21/05/2020 | 5848 pessoas já leram esta coluna. | 3 usuário(s) ON-line nesta página

A etimologia do conceito de audiência está atrelada à ideia de audição, uma vez que o termo “audiência” se origina do termo latino “audire”, que significa ouvir. Nessa perspectiva, a finalidade das audiências públicas já é revelada: não é outra a não ser ouvir os cidadãos e os grupos sociais legitimados à atuação coletiva em matérias que lhes interessem, de modo que possam influenciar a tomada de decisão pela autoridade pública (MELO, 2016, p. 17).

O instituto da audiência pública entre nós remete à redemocratização do país, período no qual era pujante o clamor pela participação da sociedade civil nas decisões de interesse público. Foi consagrado pela Constituição de 1988, em seu art. 58, §2º, II, que prevê que às comissões do Congresso Nacional, em razão da matéria de sua competência, cabe: II - realizar audiências públicas com entidades da sociedade civil”.

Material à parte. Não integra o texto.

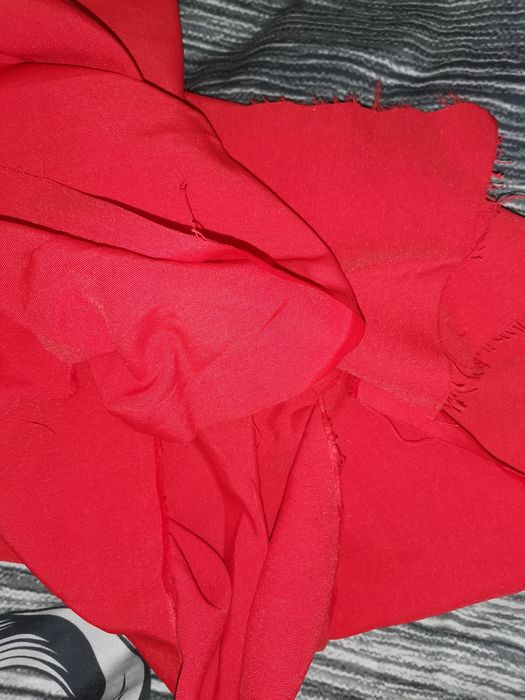 Продам красную ткань.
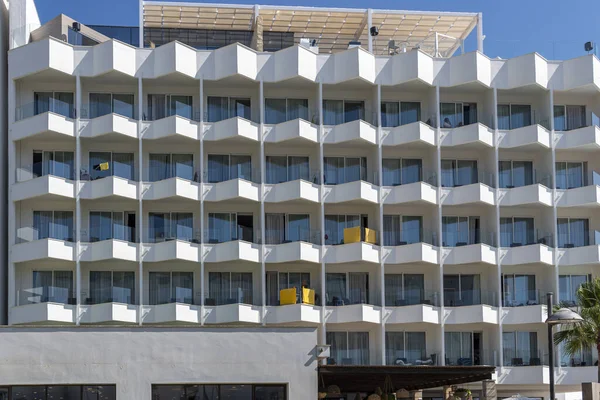 Cala Millor Spain Июня 2023 Главный Фасад Отеля Allsun Borneo — стоковое фото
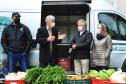 Governo do Estado faz primeira entrega de alimentos do Compra Direta em Curitiba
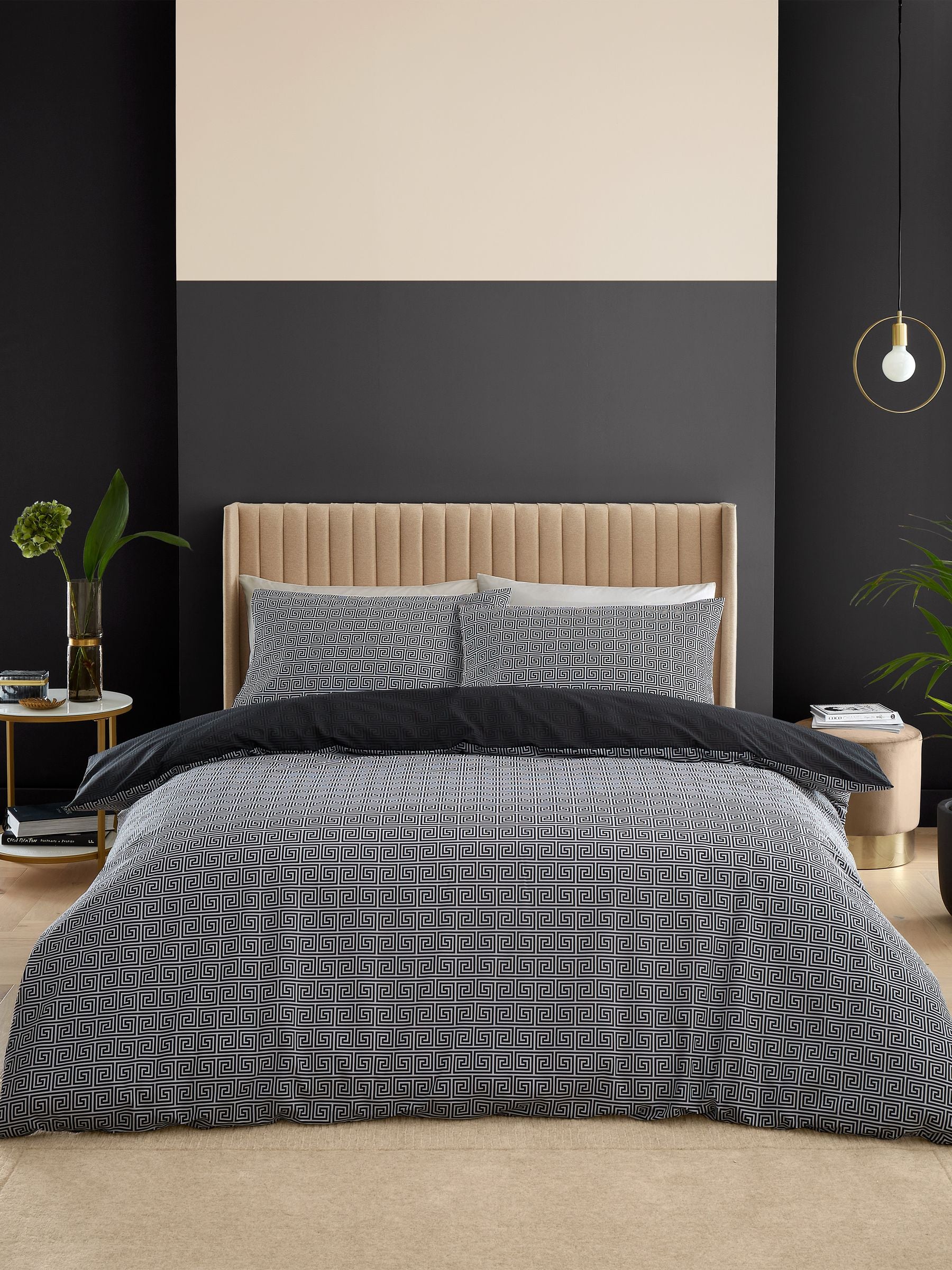 Catherine Lansfield Black Artemis Greek Key Reversible Duvet Cover Set - British product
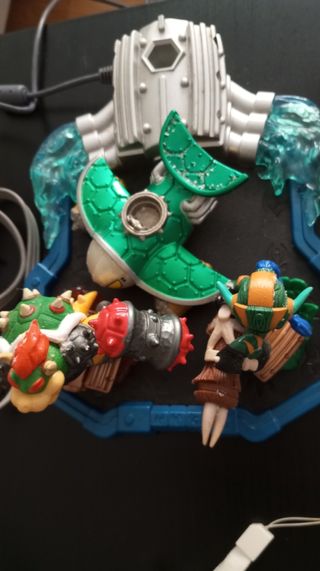 Wii mini + 3 mandos + juego Skylanders
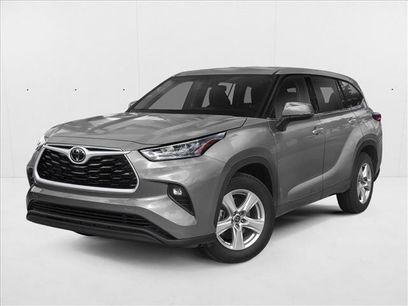 Used 2022 Toyota Highlander LE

 Também foi prevista pela Lei nº 8.666/1993, nos ditames do art. 39, que estabeleceu: “Sempre que o valor estimado para uma licitação ou para um conjunto de licitações simultâneas ou sucessivas for superior a 100 (cem) vezes o limite previsto no art. 23, inciso I, alínea "c" desta Lei, o processo licitatório será iniciado, obrigatoriamente, com uma audiência pública concedida pela autoridade responsável com antecedência mínima de 15 (quinze) dias úteis da data prevista para a publicação do edital, e divulgada, com a antecedência mínima de 10 (dez) dias úteis de sua realização, pelos mesmos meios previstos para a publicidade da licitação, à qual terão acesso e direito a todas as informações pertinentes e a se manifestar todos os interessados.

 Finalmente, a previsão também restou estabelecida na Lei nº 9.784/1999, conforme previsão do art. 32, que assim dispõe: “Antes da tomada de decisão, a juízo da autoridade, diante da relevância da questão, poderá ser realizada audiência pública para debates sobre a matéria do processo. No âmbito do Estado do Rio de Janeiro, a previsão é integralmente repetida na Lei Estadual nº 5.427/2009, a partir de seu art. 28.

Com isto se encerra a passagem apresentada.